### Exercise instructions
Would you copy exactly the lines in the data below from the one that has "Chương 199 - Trang 3" through the one that has "Honda Civic (Imported) 2023 #28", dropping any pictures?

### Supplied entries
Segment Open

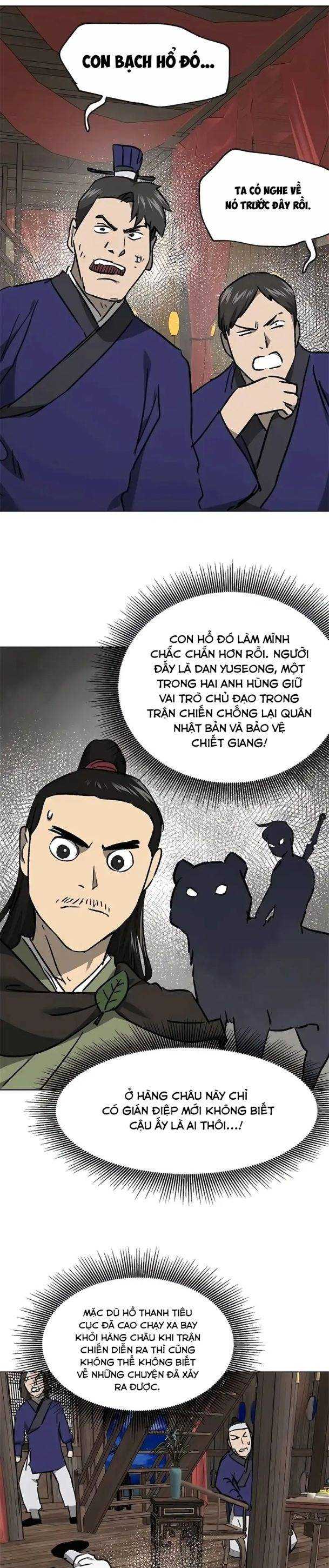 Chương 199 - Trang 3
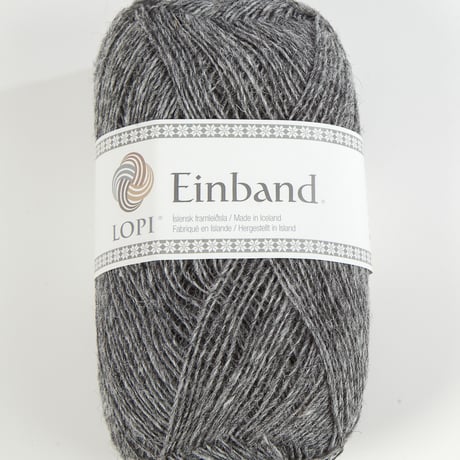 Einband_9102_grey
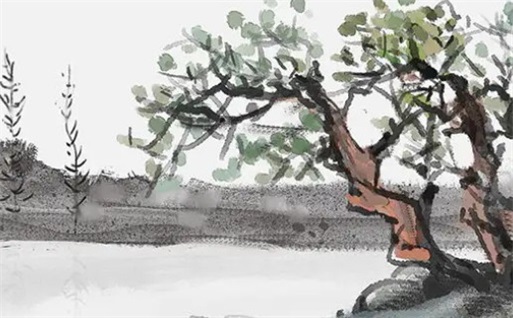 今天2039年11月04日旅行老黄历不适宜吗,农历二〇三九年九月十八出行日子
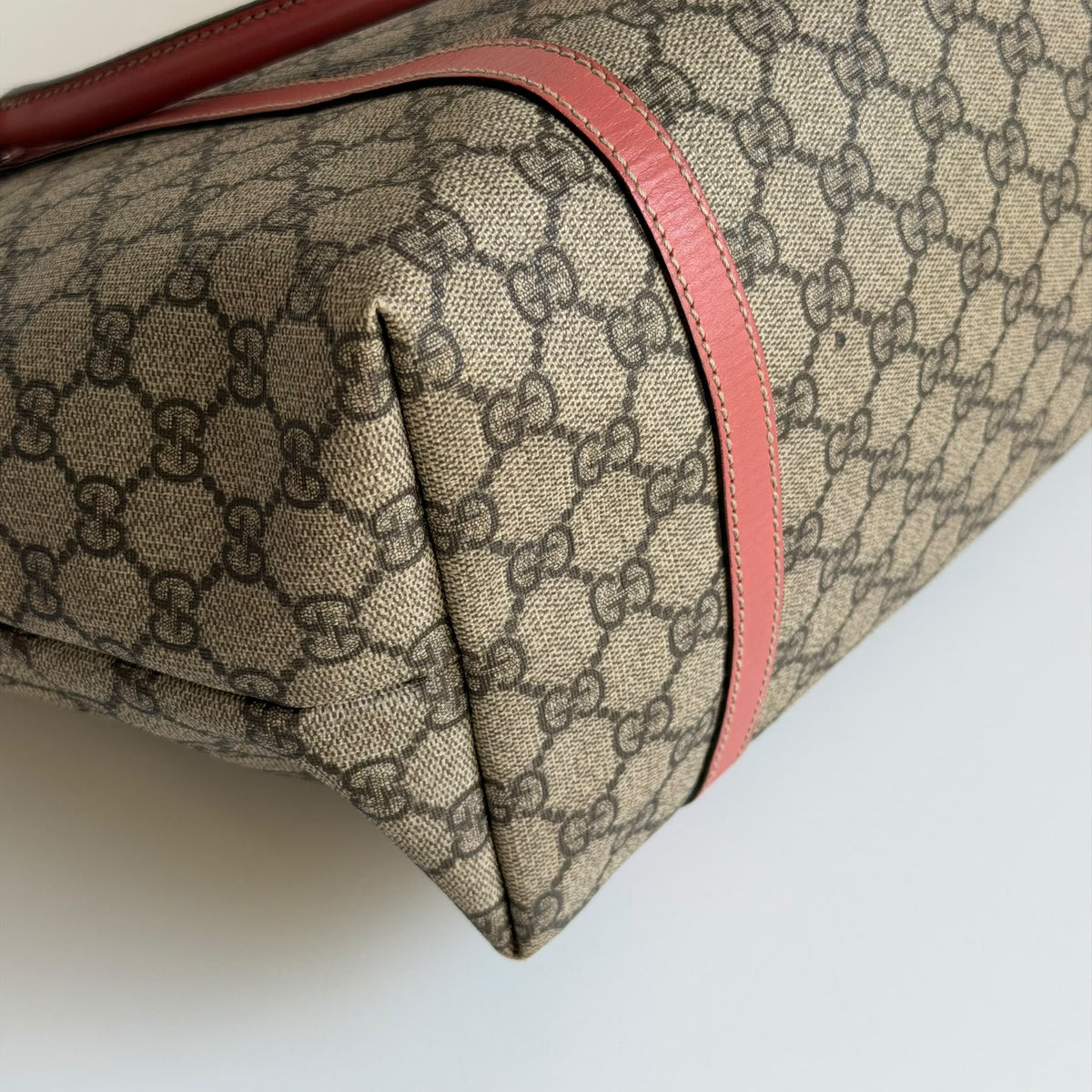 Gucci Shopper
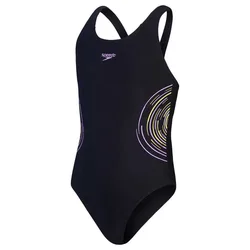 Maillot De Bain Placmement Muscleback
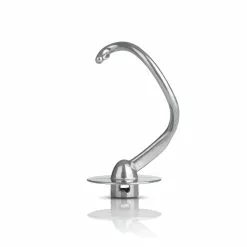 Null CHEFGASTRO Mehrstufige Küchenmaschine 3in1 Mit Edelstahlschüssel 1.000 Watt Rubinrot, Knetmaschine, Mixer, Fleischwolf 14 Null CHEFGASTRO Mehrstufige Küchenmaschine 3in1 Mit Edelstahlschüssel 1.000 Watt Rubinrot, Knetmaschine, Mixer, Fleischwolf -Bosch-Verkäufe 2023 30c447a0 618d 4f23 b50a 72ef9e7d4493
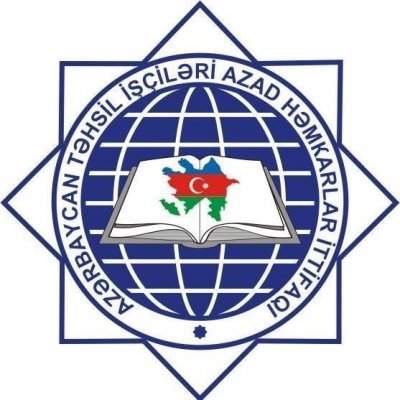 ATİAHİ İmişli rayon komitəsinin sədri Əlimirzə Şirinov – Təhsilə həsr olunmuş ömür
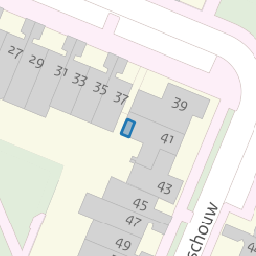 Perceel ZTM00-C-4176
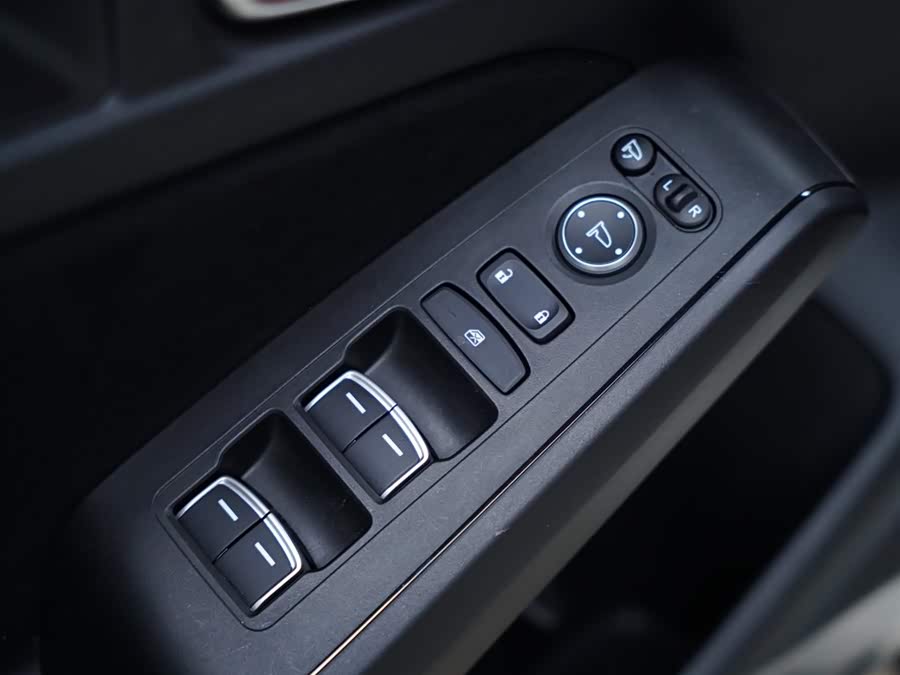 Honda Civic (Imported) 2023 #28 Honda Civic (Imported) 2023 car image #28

Segment Closed
Segment Open

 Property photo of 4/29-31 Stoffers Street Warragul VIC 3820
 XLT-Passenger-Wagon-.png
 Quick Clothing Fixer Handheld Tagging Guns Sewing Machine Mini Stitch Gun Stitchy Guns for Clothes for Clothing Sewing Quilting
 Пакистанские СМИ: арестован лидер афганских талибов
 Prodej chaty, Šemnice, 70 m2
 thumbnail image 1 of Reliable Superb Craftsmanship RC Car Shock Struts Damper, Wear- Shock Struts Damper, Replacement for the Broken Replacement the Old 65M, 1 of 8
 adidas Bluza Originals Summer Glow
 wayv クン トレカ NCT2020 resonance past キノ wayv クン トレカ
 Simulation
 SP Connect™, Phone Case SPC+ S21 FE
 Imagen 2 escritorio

Segment Closed

### Exercise output
 Chương 199 - Trang 3
 Einband_9102_grey
 今天2039年11月04日旅行老黄历不适宜吗,农历二〇三九年九月十八出行日子
 Gucci Shopper
 Maillot De Bain Placmement Muscleback
 Null CHEFGASTRO Mehrstufige Küchenmaschine 3in1 Mit Edelstahlschüssel 1.000 Watt Rubinrot, Knetmaschine, Mixer, Fleischwolf 14 Null CHEFGASTRO Mehrstufige Küchenmaschine 3in1 Mit Edelstahlschüssel 1.000 Watt Rubinrot, Knetmaschine, Mixer, Fleischwolf -Bosch-Verkäufe 2023 30c447a0 618d 4f23 b50a 72ef9e7d4493
 ATİAHİ İmişli rayon komitəsinin sədri Əlimirzə Şirinov – Təhsilə həsr olunmuş ömür
 Perceel ZTM00-C-4176
 Honda Civic (Imported) 2023 #28 Honda Civic (Imported) 2023 car image #28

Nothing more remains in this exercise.